# Module 8.1 – GANs for Data Augmentation in Semiconductor Manufacturing

This notebook demonstrates synthetic wafer map generation using Deep Convolutional GANs (DCGANs) for data augmentation in semiconductor manufacturing applications.

## Learning Objectives
- Understand GAN architecture and training dynamics
- Generate synthetic wafer maps and defect patterns
- Evaluate generated sample quality
- Apply GANs for data augmentation in imbalanced datasets

## Prerequisites
- Basic understanding of neural networks
- Familiarity with PyTorch tensors
- Knowledge of semiconductor manufacturing terminology

In [None]:
# Import required libraries
import sys
import os
import numpy as np
import matplotlib.pyplot as plt
import torch
import torch.nn as nn
import torchvision.utils as vutils
from pathlib import Path
import json
import warnings
warnings.filterwarnings('ignore')

# Add the module path to sys.path
module_path = Path('.').resolve()
if str(module_path) not in sys.path:
    sys.path.append(str(module_path))

# Set random seeds for reproducibility
torch.manual_seed(42)
np.random.seed(42)

print(f"PyTorch version: {torch.__version__}")
print(f"Device available: {'CUDA' if torch.cuda.is_available() else 'CPU'}")

## 1. Understanding the Problem: Wafer Map Data Augmentation

Semiconductor wafer maps show spatial patterns of defects across the wafer surface. These patterns are crucial for:
- Process monitoring and control
- Root cause analysis of yield issues
- Predictive maintenance of equipment

However, rare defect patterns are difficult to model due to limited training examples. GANs can generate synthetic examples to balance datasets.

In [None]:
# Import our GAN pipeline
from importlib import reload
import subprocess

# First, let's look at what our synthetic wafer data looks like
# We'll use the pipeline to create and visualize synthetic wafer patterns

# Create a simple synthetic dataset to understand the problem
try:
    # Import the pipeline components
    import importlib.util
    spec = importlib.util.spec_from_file_location(
        "gans_pipeline", 
        "8.1-gans-data-augmentation-pipeline.py"
    )
    gans_module = importlib.util.module_from_spec(spec)
    spec.loader.exec_module(gans_module)
    
    GANsPipeline = gans_module.GANsPipeline
    SyntheticWaferDataset = gans_module.SyntheticWaferDataset
    
    print("Successfully imported GAN pipeline components")
except Exception as e:
    print(f"Import error: {e}")
    print("Make sure you're running this notebook from the module-8 directory")

In [None]:
# Let's first examine synthetic wafer patterns to understand what we're trying to generate
import torchvision.transforms as transforms
from torch.utils.data import DataLoader
from PIL import Image

# Create a synthetic dataset for demonstration
transform = transforms.Compose([
    transforms.Resize(64),
    transforms.ToTensor(),
    transforms.Normalize((0.5,), (0.5,))  # Normalize to [-1, 1]
])

synthetic_dataset = SyntheticWaferDataset(
    num_samples=16, 
    image_size=64, 
    transform=transform
)

# Create a dataloader
dataloader = DataLoader(synthetic_dataset, batch_size=16, shuffle=False)

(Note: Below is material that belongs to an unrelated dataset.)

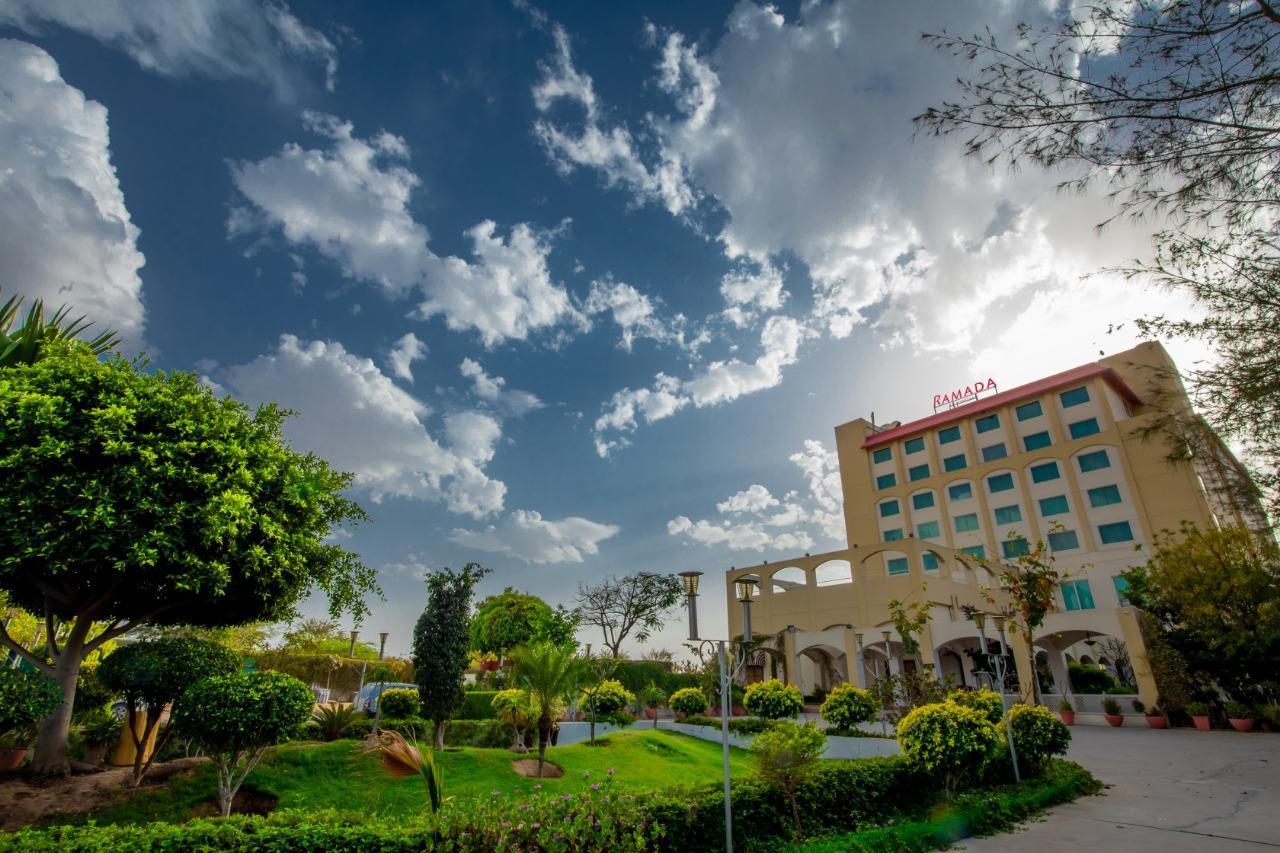 Ramada By Wyndham Jaipur Jaisinghpura Hotel Exterior photo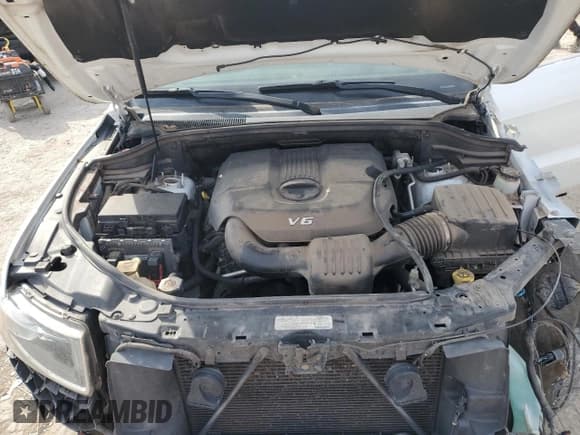 ✅ 2015 Jeep Grand Cherokee Laredo • VIN: 1C4RJEAG1FC669883 • Lot: 85857515. Listed on Copart with 228,860 mi. Free auction sales archive from the USA and detailed vehicle history report at DreamBid. Image 12.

# Get a batch of synthetic wafer patterns
real_batch = next(iter(dataloader))

# Visualize the synthetic wafer patterns
plt.figure(figsize=(12, 8))
plt.subplot(1, 2, 1)
plt.title("Synthetic Wafer Patterns (Training Data)")
grid = vutils.make_grid(real_batch, nrow=4, normalize=True, value_range=(-1, 1))
plt.imshow(np.transpose(grid, (1, 2, 0)))
plt.axis('off')

# Show statistics
plt.subplot(1, 2, 2)
plt.title("Pixel Intensity Distribution")
pixel_values = real_batch.numpy().flatten()
plt.hist(pixel_values, bins=50, alpha=0.7, color='blue')
plt.xlabel('Pixel Intensity')
plt.ylabel('Frequency')
plt.grid(True, alpha=0.3)

plt.tight_layout()
plt.show()

print(f"Batch shape: {real_batch.shape}")
print(f"Value range: [{real_batch.min():.3f}, {real_batch.max():.3f}]")
print(f"Mean: {real_batch.mean():.3f}, Std: {real_batch.std():.3f}")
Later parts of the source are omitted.